In any of these cases, there is a chance an EU data protection authority will consider the GDPR applicable. On the contrary, if there is no such intention to market goods or services to EU clients and there are no actions taken to facilitate the provision of goods or services to EU clients, there is no reason to worry about the GDPR (provided you do not fall under the monitoring rule below).
The GDPR will also apply to companies that monitor users’ behaviour, as far as their behaviour takes place within the EU. Again, more information can be found in Recital 24: monitoring takes place when “natural persons are tracked on the internet including potential subsequent use of personal data processing techniques which consist of profiling a natural person, particularly in order to take decisions concerning her or him or for analysing or predicting her or his personal preferences, behaviours and attitudes.”
According to the Article 29 Working Party, the EU’s advisory body on data protection, this clearly includes all forms of tracking and profiling on the internet, including for the purposes of behavioural advertising.
“The GDPR will also apply to companies that monitor users’ behaviour, as far as their behaviour takes place within the EU.”

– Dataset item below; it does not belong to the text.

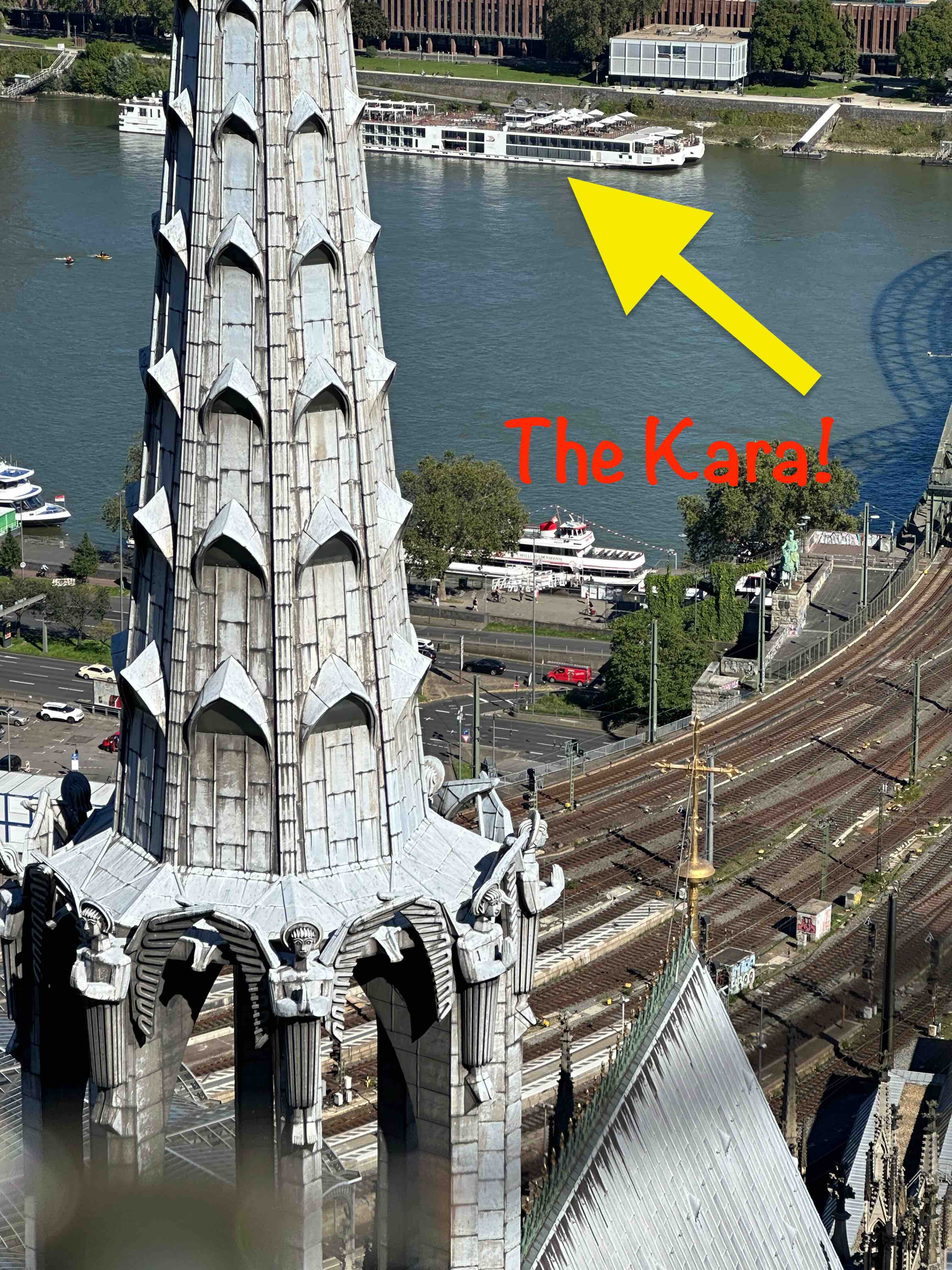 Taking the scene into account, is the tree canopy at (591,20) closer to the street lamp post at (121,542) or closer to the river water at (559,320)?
the river water at (559,320)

It’s also worth mentioning that article does not use the terms ‘EU nationals’, ‘EU citizens’ or ‘EU residents’. Their applicability is therefore not connected to a person’s nationality or residence, but rather to the location of a person in the EU. Strictly speaking, the GDPR therefore also applies to the data of an American tourist on holiday in Italy, collected while he was on Italian soil. But in practical terms, this will be extremely hard to track by any national data protection authority.

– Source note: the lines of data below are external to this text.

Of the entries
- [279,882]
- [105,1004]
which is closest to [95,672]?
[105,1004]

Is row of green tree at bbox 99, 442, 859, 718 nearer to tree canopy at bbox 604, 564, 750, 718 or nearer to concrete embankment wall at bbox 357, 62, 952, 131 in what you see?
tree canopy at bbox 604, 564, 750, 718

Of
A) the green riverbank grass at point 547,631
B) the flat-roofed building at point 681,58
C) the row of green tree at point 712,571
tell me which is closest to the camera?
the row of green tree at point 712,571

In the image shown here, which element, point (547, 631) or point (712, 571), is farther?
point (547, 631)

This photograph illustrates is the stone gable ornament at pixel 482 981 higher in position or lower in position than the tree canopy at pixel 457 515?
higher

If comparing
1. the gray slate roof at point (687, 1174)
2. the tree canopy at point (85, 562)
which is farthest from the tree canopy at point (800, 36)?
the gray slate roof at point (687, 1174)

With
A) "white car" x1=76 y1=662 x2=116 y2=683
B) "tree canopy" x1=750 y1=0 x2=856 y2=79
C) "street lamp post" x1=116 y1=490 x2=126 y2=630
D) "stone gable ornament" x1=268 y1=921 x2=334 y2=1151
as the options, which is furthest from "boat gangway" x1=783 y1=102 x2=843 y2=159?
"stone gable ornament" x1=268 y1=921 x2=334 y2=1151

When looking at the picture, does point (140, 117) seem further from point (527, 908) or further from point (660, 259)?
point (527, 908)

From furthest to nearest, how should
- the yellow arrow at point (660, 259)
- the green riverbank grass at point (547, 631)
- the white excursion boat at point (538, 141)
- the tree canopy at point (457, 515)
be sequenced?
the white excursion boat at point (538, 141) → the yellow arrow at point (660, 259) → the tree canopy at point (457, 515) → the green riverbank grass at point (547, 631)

The implications of the GDPR will be consequential, even huge for some companies, so it’s important to have the correct information. The Article 29 Working Party admitted in a press release of February 2018 that it is “continuing its work on the development of a position on the application of Article 3 of the GDPR, relating to its territorial scope.” This means we may not have all of the pieces of the puzzle just yet. Nonetheless, non-EU companies should definitely start by asking themselves the following questions:
→ Does your company process personal data?

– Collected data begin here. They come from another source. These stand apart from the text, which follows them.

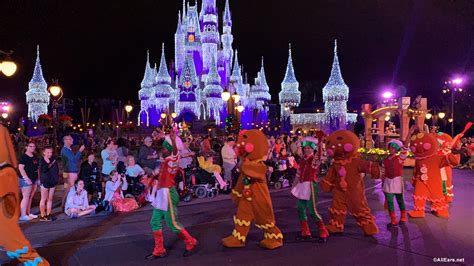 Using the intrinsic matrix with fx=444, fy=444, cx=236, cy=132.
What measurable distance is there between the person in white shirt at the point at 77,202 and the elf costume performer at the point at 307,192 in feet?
16.5

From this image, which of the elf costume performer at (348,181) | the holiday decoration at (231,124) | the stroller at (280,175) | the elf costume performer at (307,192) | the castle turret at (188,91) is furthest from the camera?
the castle turret at (188,91)

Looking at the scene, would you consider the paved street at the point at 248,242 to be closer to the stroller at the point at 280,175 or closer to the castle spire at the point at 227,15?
the stroller at the point at 280,175

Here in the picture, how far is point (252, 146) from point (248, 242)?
1.71m

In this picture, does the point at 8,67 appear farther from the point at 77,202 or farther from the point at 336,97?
the point at 336,97

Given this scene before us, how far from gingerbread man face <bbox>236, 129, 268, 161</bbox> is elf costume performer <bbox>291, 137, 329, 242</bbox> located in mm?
1032

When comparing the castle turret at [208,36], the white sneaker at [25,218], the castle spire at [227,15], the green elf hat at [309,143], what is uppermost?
the castle spire at [227,15]

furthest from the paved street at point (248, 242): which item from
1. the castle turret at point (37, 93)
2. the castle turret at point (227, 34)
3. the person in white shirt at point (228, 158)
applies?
the castle turret at point (227, 34)

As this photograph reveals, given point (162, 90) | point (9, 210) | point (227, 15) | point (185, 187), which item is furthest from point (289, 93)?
point (9, 210)

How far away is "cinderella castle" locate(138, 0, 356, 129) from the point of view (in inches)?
2290

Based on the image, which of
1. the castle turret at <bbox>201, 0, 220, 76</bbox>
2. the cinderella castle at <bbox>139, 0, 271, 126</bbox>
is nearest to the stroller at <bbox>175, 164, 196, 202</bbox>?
the cinderella castle at <bbox>139, 0, 271, 126</bbox>

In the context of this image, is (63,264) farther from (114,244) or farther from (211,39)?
(211,39)

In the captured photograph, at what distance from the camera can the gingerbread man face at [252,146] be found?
279 inches

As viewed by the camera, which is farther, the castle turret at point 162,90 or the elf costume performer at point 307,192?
the castle turret at point 162,90

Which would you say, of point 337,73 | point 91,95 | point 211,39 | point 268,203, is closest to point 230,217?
point 268,203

If not, congratulations, you’re outside of the scope of the GDPR! If the answer to this question is yes, then you should look at the following questions:
→ Is your company located in the EU or does your company have an establishment in the EU?
→ Does your company offer goods or services to users in the EU?
→ Does your company monitor the behaviour of users in the EU?
If the answer to at least one of these questions is yes, your company’s processing activities will most likely fall within the scope of the GDPR and you may want to reassess your company’s data protection policy.